REQUIRED ACTION
The full listing, excluding its pictures, should be printed exactly as it stands.
----
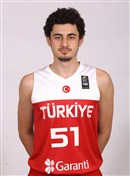 Headshot of Erkan Yilmaz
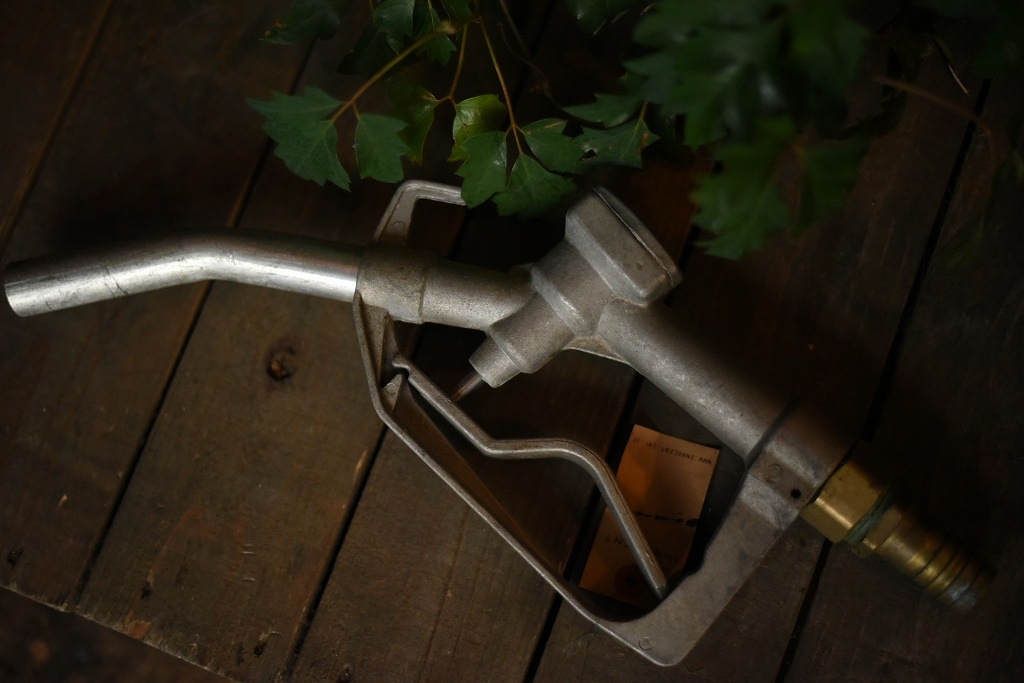2435 ヴィンテージ　ガソリン　ノズル　給油ガン　ガソリンスタンド　 英国製　MADE IN ENGLAND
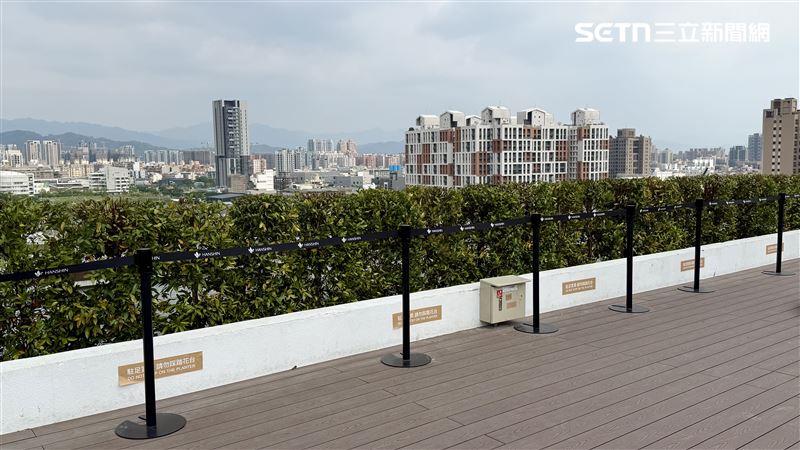 台中漢神洲際購物廣場頂樓增設圍欄。(圖／記者賴俊佑攝影）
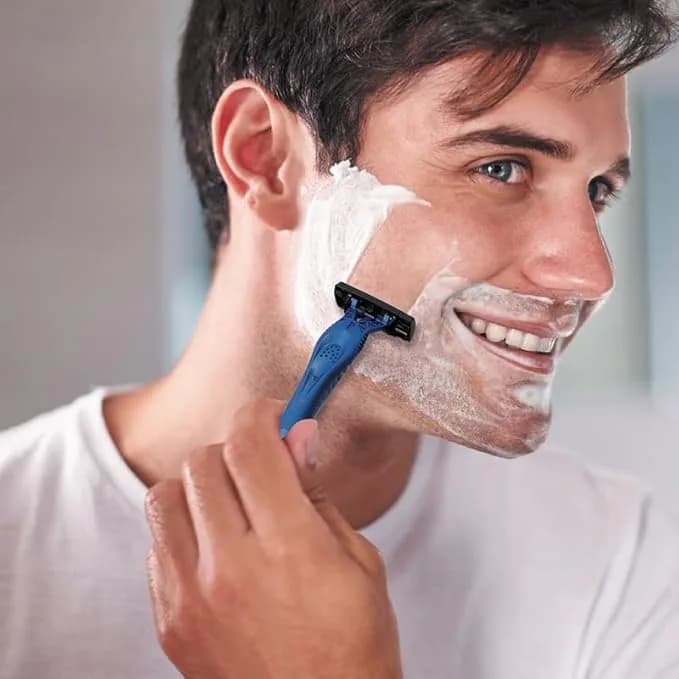 BIC Comfort 3 Advance Disposable Razors for Men | Close & Soothing Shave, 4 Pack thumbnail 2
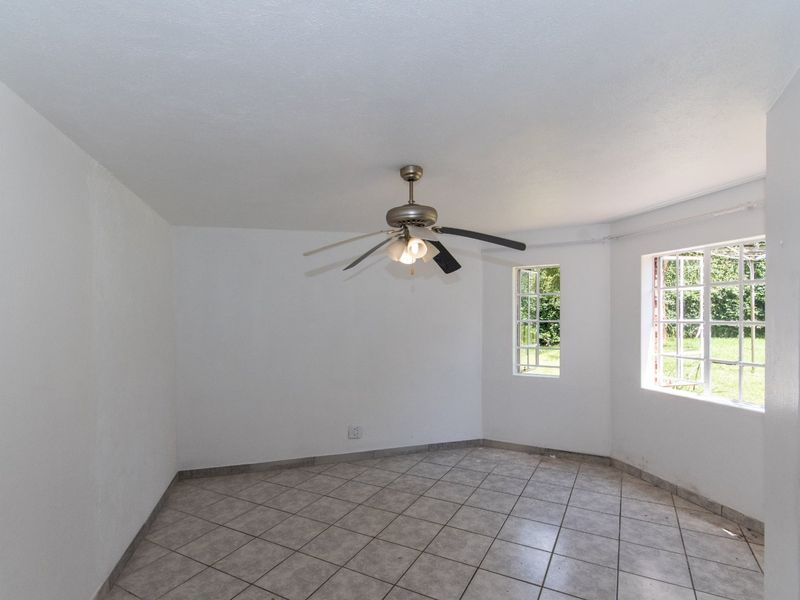 Spacious double-storey home in gated area in White River Ext 18 - Photo 9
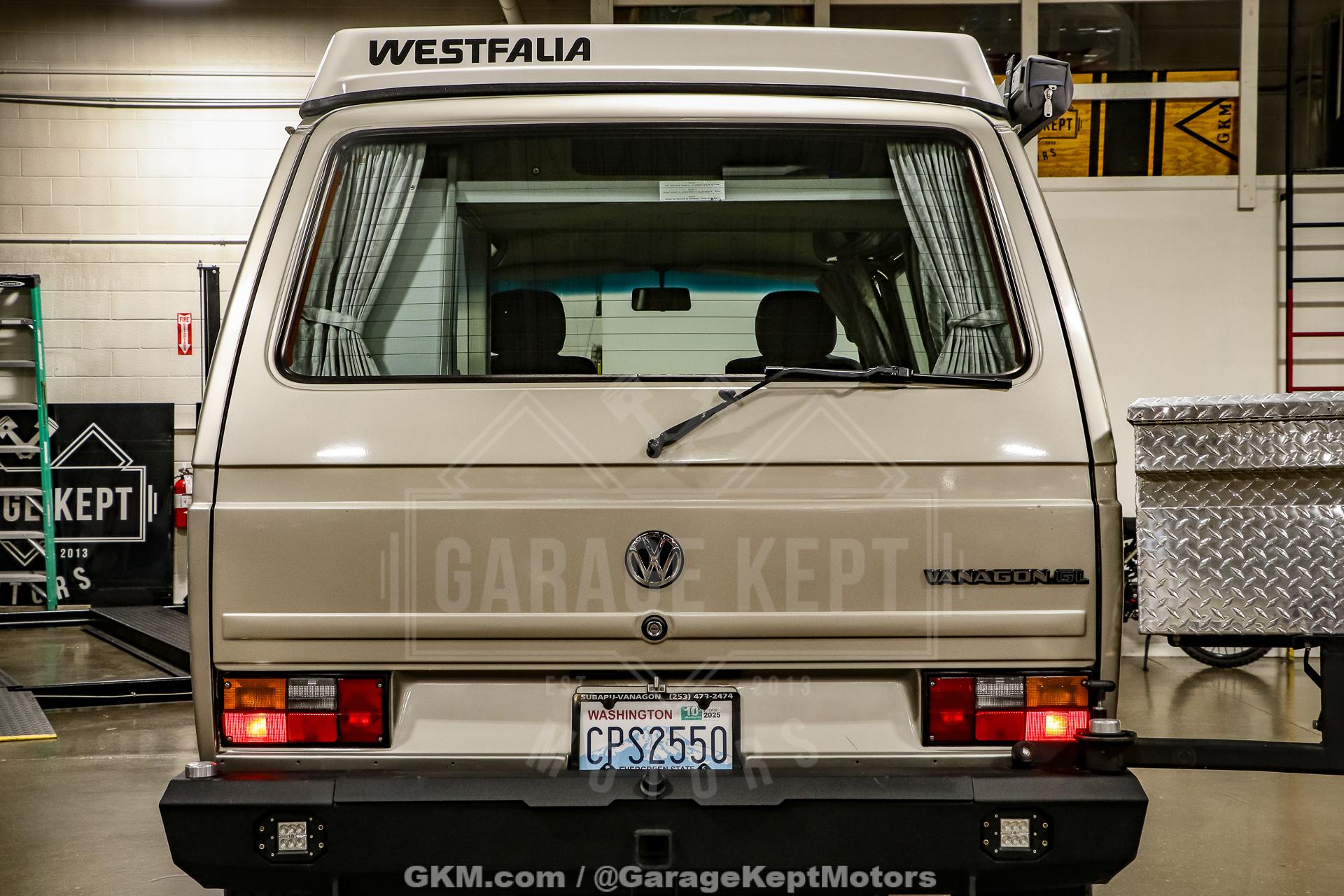 1990 Volkswagen Vanagon photo 33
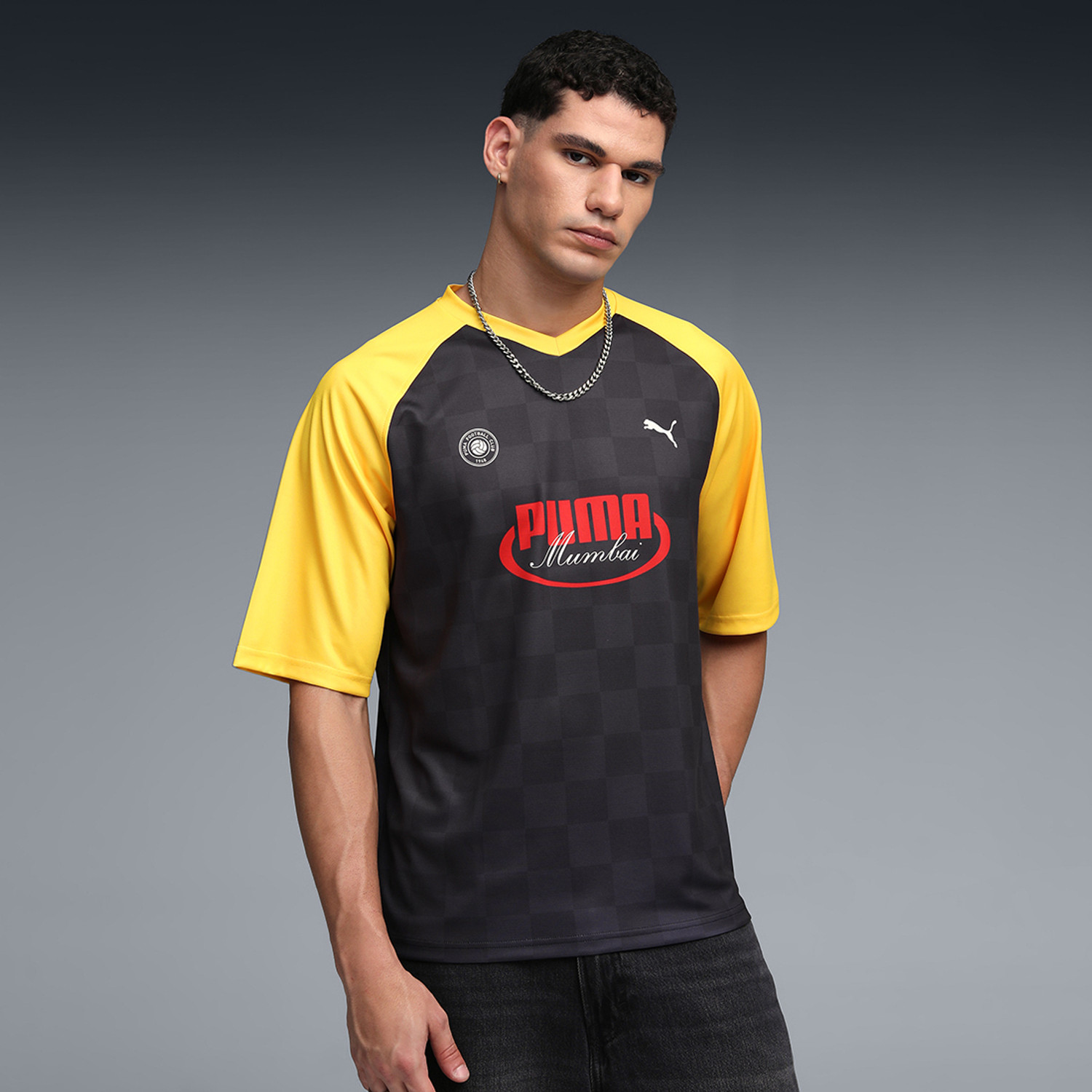 Image of PUMA Colorblock Men V Neck Black T-Shirt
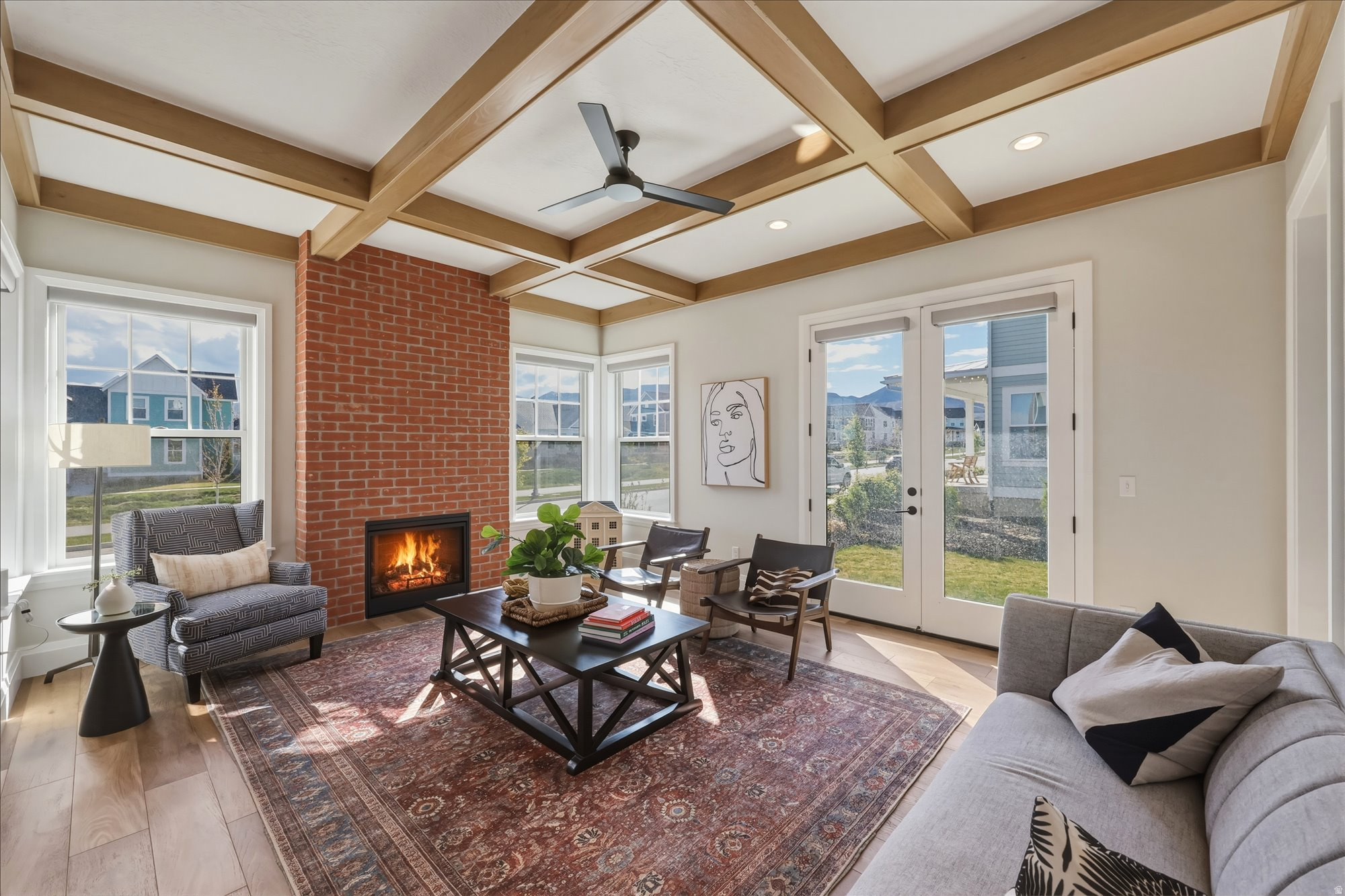 DAYBREAK - Residential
----
ANSWER TO THIS TASK
 Headshot of Erkan Yilmaz
2435 ヴィンテージ　ガソリン　ノズル　給油ガン　ガソリンスタンド　 英国製　MADE IN ENGLAND
 台中漢神洲際購物廣場頂樓增設圍欄。(圖／記者賴俊佑攝影）
 BIC Comfort 3 Advance Disposable Razors for Men | Close & Soothing Shave, 4 Pack thumbnail 2
 Spacious double-storey home in gated area in White River Ext 18 - Photo 9
 1990 Volkswagen Vanagon photo 33
 Image of PUMA Colorblock Men V Neck Black T-Shirt
 DAYBREAK - Residential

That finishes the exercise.